During the 1980s, various musicians and bands put A gallery of 8-bit computer games on their 7" singles. The theory went that you'd play the 7" into a tape recorder, put the tape into your ZX Spectrum (and most of these were Speccy programs), load it and get some bonus content. The exact nature of this content varied from rather iffy-sounding branded video games (such as the Thompson Twins Adventure Game, or The Stranglers' "Aural Quest") to sometimes dubious games actually written by actual band members (Chris Sievey of The Freshies was a serial offender here), to Satanic messages with other messages hidden in the comments. (via bOING bOING)
Video Toaster, the classic Amiga video-editing system, has been released to the open-source community. Mind you, since what made it so useful is dependent on the Amiga's video chipset, it's more a historical curio than anything else.
Taito to start selling new Space Invaders machines. They aim to sell 10,000 of the units, at US$2,772. No word on whether that includes the coloured cellophane that goes across parts of the (black and white) screen.
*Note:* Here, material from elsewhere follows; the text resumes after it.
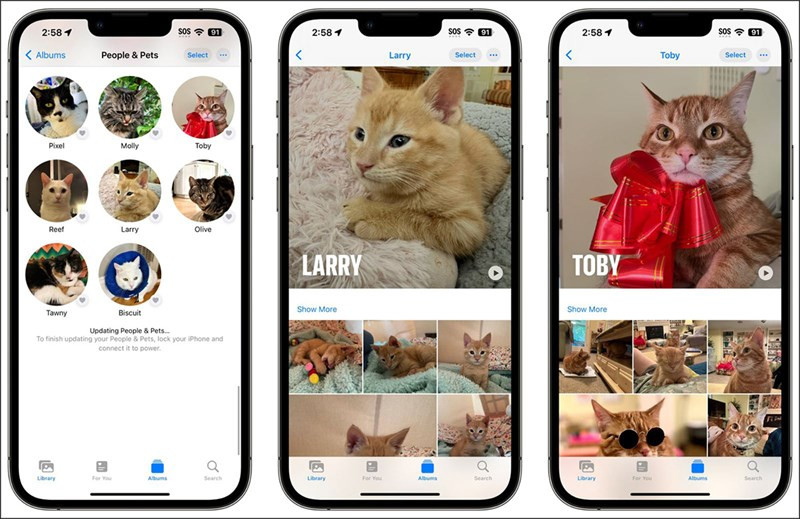 Tính năng nhận dạng ảnh thú cưng hoàn toàn mới trong iOS 17. Tính năng nhận dạng ảnh thú cưng hoàn toàn mới trong iOS 17.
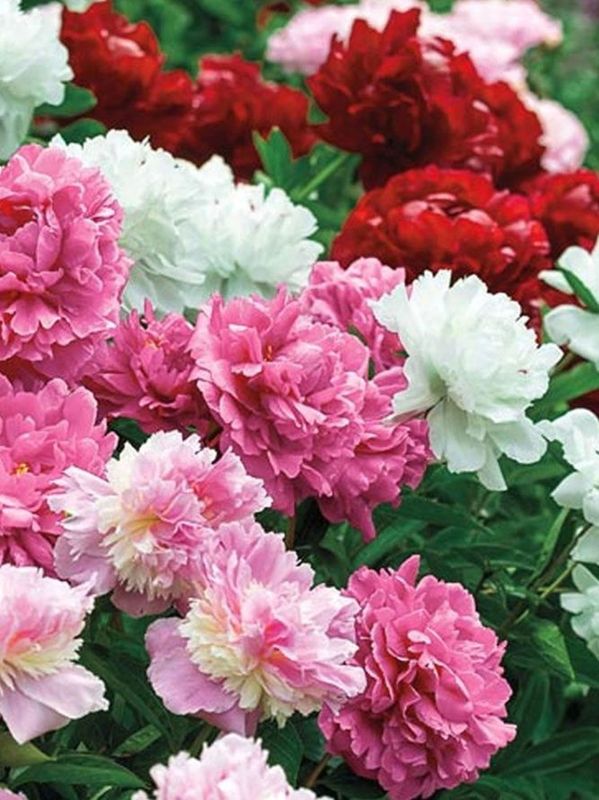 Paeonia lactiflora ‘mix’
Or, indeed, whether the machines are made using original vintage hardware (2MHz 8080 CPU and all) or whether it's running in an emulator on some modern embedded RISC chip that is several orders of magnitude smaller and more powerful (and possibly cheaper to make).
A video gaming magazine rounds up some 10-to-13-year-olds, gets them to review vintage games, like Pong and Donkey Kong and Tetris. (via MeFi)
Tim: Which button do I press to make the blocks explode?
EGM: Sorry, they don't explode.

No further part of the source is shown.